* TASK
In the records that follow, the lines from the one containing "Oversized футболка серого" to the one containing "Retro 70's Butterick", inclusive, are to be given again exactly.
###
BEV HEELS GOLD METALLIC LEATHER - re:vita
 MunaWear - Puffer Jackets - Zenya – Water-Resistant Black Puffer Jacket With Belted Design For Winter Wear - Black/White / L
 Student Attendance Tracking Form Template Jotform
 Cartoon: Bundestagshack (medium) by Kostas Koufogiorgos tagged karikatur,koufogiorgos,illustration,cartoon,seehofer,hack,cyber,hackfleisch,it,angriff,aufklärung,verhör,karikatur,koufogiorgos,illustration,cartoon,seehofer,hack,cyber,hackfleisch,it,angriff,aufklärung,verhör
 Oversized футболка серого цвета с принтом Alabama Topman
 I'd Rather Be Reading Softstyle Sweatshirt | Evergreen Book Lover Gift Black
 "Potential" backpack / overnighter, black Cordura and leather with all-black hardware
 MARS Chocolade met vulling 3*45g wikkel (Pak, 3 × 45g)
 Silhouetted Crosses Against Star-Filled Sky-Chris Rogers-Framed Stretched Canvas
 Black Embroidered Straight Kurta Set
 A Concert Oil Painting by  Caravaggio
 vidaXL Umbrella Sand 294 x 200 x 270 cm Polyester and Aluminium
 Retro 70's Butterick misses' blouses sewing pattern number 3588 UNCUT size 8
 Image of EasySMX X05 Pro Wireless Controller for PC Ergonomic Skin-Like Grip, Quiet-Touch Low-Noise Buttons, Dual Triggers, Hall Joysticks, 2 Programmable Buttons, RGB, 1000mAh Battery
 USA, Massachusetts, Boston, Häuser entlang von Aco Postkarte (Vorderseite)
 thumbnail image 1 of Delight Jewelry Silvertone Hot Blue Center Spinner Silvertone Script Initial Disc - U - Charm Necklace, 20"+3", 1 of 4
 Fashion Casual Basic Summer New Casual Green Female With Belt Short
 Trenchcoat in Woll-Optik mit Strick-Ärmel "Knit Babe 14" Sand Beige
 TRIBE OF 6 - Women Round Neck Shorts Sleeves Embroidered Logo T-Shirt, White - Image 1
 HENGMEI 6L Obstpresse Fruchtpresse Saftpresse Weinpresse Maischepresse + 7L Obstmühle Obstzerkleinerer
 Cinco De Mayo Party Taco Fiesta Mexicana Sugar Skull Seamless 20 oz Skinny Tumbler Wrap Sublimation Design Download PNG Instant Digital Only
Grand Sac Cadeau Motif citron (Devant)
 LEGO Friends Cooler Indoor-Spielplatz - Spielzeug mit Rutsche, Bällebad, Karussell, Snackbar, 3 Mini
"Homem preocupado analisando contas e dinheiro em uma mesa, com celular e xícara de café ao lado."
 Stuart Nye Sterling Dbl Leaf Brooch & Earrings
###
* WRITTEN SOLUTION
 Oversized футболка серого цвета с принтом Alabama Topman
 I'd Rather Be Reading Softstyle Sweatshirt | Evergreen Book Lover Gift Black
 "Potential" backpack / overnighter, black Cordura and leather with all-black hardware
 MARS Chocolade met vulling 3*45g wikkel (Pak, 3 × 45g)
 Silhouetted Crosses Against Star-Filled Sky-Chris Rogers-Framed Stretched Canvas
 Black Embroidered Straight Kurta Set
 A Concert Oil Painting by  Caravaggio
 vidaXL Umbrella Sand 294 x 200 x 270 cm Polyester and Aluminium
 Retro 70's Butterick misses' blouses sewing pattern number 3588 UNCUT size 8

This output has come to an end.